Today, Rolling Stone announced the launch of Rolling Stone Gaming, a vertical dedicated to “taking a serious (or deeply unserious) journalistic approach to telling the story of games through the people around them.” You might be thinking, haven’t we done this before? You would be correct.
Rolling Stone had a gaming site, Glixel, which ran for a bit over a year before shutting down in 2017. Rolling Stone Gaming’s announcement notes this in a roundabout way, with senior editor Christopher Cruz writing, “this isn’t entirely new, Rolling Stone has been covering games for years. But with the launch of our new section, RS Gaming, we’re committing to meeting the community at its own wavelength to tell stories that matter, even if you don’t consider yourself a gamer.”

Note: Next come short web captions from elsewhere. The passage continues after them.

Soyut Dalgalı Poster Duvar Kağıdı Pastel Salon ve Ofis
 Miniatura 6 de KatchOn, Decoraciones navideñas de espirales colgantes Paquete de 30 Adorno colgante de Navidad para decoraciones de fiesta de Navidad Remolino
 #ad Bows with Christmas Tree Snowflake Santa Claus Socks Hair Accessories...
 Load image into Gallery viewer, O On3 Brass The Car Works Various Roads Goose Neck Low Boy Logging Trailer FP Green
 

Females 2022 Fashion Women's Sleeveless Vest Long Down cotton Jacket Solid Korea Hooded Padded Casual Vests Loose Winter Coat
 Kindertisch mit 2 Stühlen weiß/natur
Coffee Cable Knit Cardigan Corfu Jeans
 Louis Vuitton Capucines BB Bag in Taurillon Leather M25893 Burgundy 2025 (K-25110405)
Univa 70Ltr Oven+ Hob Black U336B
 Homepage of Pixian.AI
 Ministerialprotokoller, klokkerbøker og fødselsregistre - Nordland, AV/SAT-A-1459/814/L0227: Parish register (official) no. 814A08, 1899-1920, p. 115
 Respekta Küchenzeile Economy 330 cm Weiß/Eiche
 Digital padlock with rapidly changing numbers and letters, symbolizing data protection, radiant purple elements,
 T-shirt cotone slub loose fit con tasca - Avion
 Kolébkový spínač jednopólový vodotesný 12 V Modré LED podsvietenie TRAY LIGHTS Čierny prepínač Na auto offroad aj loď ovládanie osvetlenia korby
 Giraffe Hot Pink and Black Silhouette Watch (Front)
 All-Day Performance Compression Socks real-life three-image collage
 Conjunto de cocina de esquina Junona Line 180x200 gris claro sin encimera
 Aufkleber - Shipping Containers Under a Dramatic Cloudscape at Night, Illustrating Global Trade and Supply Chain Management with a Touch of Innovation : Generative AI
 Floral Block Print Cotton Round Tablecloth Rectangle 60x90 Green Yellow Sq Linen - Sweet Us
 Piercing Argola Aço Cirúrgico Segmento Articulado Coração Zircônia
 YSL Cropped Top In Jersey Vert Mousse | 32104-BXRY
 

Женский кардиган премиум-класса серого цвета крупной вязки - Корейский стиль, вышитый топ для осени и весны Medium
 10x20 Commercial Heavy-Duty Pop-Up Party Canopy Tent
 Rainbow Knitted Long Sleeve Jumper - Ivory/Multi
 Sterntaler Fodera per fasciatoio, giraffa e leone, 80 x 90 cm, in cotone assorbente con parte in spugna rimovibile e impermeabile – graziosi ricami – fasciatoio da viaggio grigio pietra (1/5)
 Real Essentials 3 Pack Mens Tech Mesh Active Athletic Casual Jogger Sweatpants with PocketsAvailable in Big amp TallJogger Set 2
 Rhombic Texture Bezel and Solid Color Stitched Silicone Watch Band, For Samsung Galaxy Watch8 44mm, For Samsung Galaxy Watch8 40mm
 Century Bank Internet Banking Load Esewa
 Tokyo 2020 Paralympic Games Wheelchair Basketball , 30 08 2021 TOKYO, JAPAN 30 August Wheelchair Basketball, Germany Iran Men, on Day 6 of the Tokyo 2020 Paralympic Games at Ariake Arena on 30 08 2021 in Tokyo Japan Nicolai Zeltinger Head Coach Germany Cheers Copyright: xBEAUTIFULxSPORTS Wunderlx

Cruz writes that RS gaming is "about community, from the modders keeping beloved games alive after corporations pull the plug to the cosplayers doing themed karaoke after a mobile game meetup.”
Does that sound a little familiar? Well, when Glixel launched in 2016, general manager John Davison said, “We want to make it very much about the people - not just the people that make games, but the people that play them.” Hm!
According to Game Developer, RS Gaming is a partnership with ESL FACEIT Group, though “the nature of the partnership… is unclear.” ESL is owned by Savvy Games Group, which Game Developer notes is funded by Saudi Arabia's Public Investment Fund, whose chairperson, Mohammed bin Salman Al Saud, has a pretty shitty record on human rights and journalism. So this sure seems like the latest volley in the regime’s attempt to spiff up its image through gaming, an attempt that has also involved the collapse of a deal between Savvy and Embracer, which in turn led to Embracer’s ruinous rampage of layoffs and studio closures.
Despite this, Saudi Arabia still maintains minority investments in Nintendo, Take-Two, EA, Nexon, and Capcom, as well as Embracer. Last year, Savvy Games Group acquired mobile developer Scopely for $4.9 billion. In addition, it has set aside $13 billion "for the acquisition and development of a leading game publisher to become a strategic development partner." Saudi Arabia has also demonstrated a particular interest in esports, with companies like Riot rebuffing its advances (after staff outcry) in 2020, only to participate in the Saudi-backed Esports World Cup this year. All of this on top of substantial Saudi ventures in the worlds of sports, film, and even pro wrestling.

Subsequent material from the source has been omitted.